Saturday, 15 August 2009
Niall Harnett, an Irish supporter of the campaign to stop Shell from building a refinery on land in Mayo, has been jailed for his non-violent civil disobedience.
In a disgracefully harsh sentence he received two consecutive periods of four months, making a total of eight months, in the squalid and remote Castlerea prison, where he has already spent 16 days.
In Ireland, even for violent offenders, sentences for two or more alleged offences, are almost invariably concurrent, meaning that innumerable sentences are all rolled up in one. Not so for this brave non-violent young man who has challenged the status quo, Shell and the State that sold out its natural resources in Mayo waters to Shell for nothing!
Niall's non-violent stand is too principled for the State to countenance. A Government minister had given away the people's ownership of our natural resources off the Mayo Coast and the people got nothing back in return. Then the Shell consortium proceeded to do what they wished in Mayo until the"Shell to Sea" campaign was set up to oppose them.
Five locals were jailed for contempt and spent 94 days in jail.

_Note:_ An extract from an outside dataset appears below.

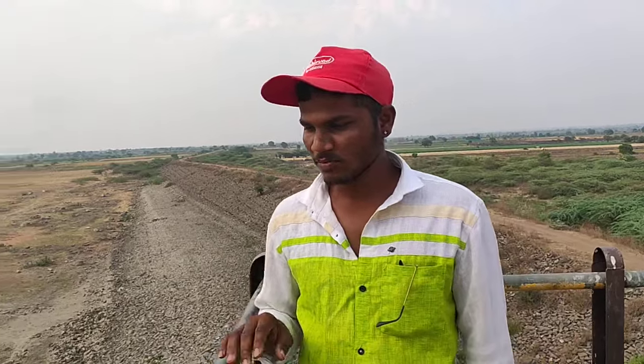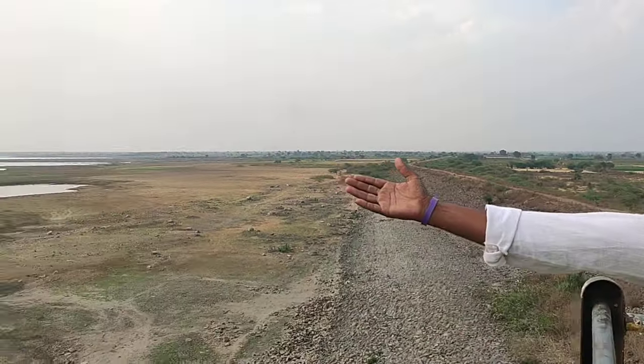This is our assistant. I am Sachin. My name is Sachin. How are we doing this?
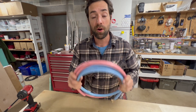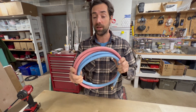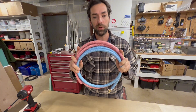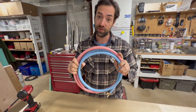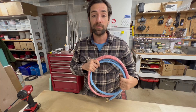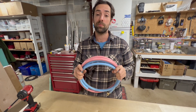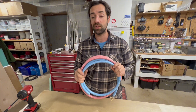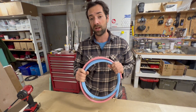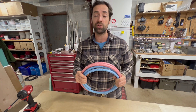Hey guys, Sequoia here from Phoenix Off-Grid Solutions. Today we are going to take a look at this vinyl braided pressurized hose that you might want to use in your conversion van build. I am owner and operator of Phoenix Off-Grid Solutions. I design and install off-grid power systems, plumbing systems, heating and cooling systems in conversion vans, RVs, travel trailers, and other mobile custom applications.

Another local, Maura Harrington, has been jailed three times, (see previous post) but this last time received bail. Niall's bail was too severe for him to accept on principle as it would keep him away from the scene of the action.
The Garda Síochána, the police force of the Irish State, often work hand in hand with Shell security police and have sometimes assaulted the protestors. No prosecutions have been made because of these assaults although some were shown on RTE News.
Niall comes to Dublin to appeal against the severity of his bail conditions on Monday, August 17th.
On Sunday August 16th, Ezra Nawi will stand trial for his beliefs in Israel. This is not the first time that Ezra Nawi stands trial for his beliefs. But it is the first time that they will probably be able to stop him.
He has been harassed and targeted throughout the years, because, he believes, he embodies three elements which provoke bigotry in the Israeli society: He is a homosexual, he is a Mizrahi Jew, and he devotes all of his time to fighting for the human rights of Arab Palestinians.
In his own words:
I always knew that many people silently supported me, and that if I ever got into trouble they would stand behind me. This moment has come.
Ezra adds: I am a simple person. I did what my heart told me to do. Looking back, I know that what my friends and I have done is changing the harsh reality of the occupation in the whole area of south Hebron. I feel that now the Israeli authorities are punishing me on a personal level.
I would like to believe that my personal adversity will inspire and motivate individuals to actively oppose the occupation.